*Data section*
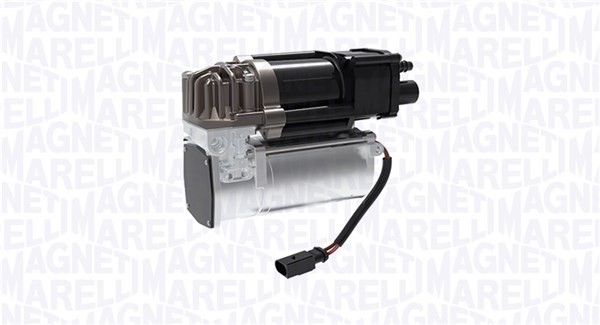 MAGNETI MARELLI 350460001158 Compressor, compressed-air system for BMW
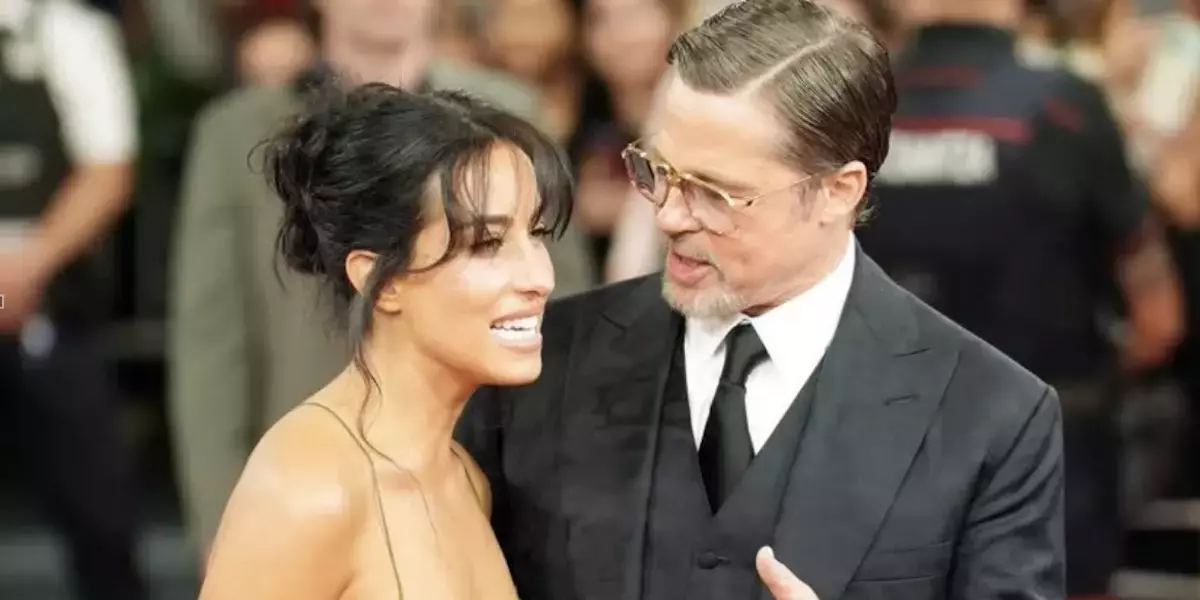 Brad Pitt e Ines de Ramon: Una Storia d'Amore sotto i Riflettori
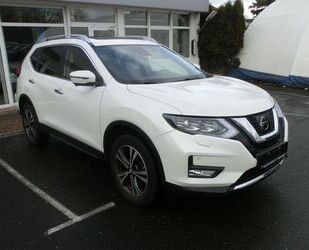 Nissan Nissan X-Trail N-Connecta 360°Kamera LED NAVI Klim Gebrauchtwagen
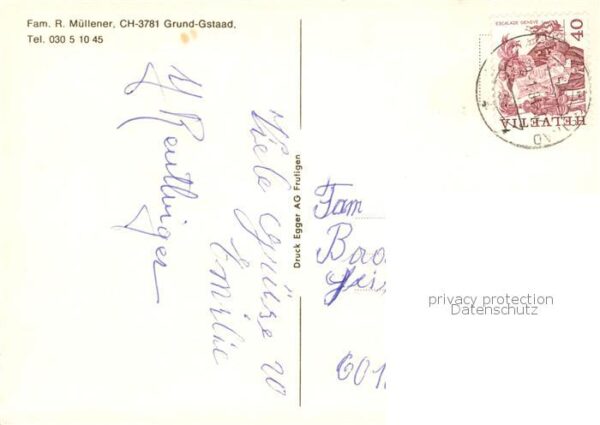 Gstaad BE Chlösterli Gasträume – Bild 2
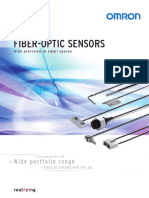 E32 FiberOpticSensors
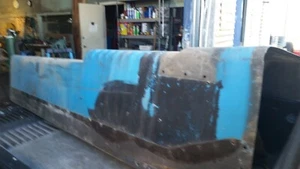 K 100 FIBERGLASS Doghouse (108 inch) - Picture 1 of 3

*Task instructions*
Produce a verbatim copy of every entry, excluding pictures.

*Problem solution*
 MAGNETI MARELLI 350460001158 Compressor, compressed-air system for BMW
 Brad Pitt e Ines de Ramon: Una Storia d'Amore sotto i Riflettori
 Nissan Nissan X-Trail N-Connecta 360°Kamera LED NAVI Klim Gebrauchtwagen
 Gstaad BE Chlösterli Gasträume – Bild 2
 E32 FiberOpticSensors
 K 100 FIBERGLASS Doghouse (108 inch) - Picture 1 of 3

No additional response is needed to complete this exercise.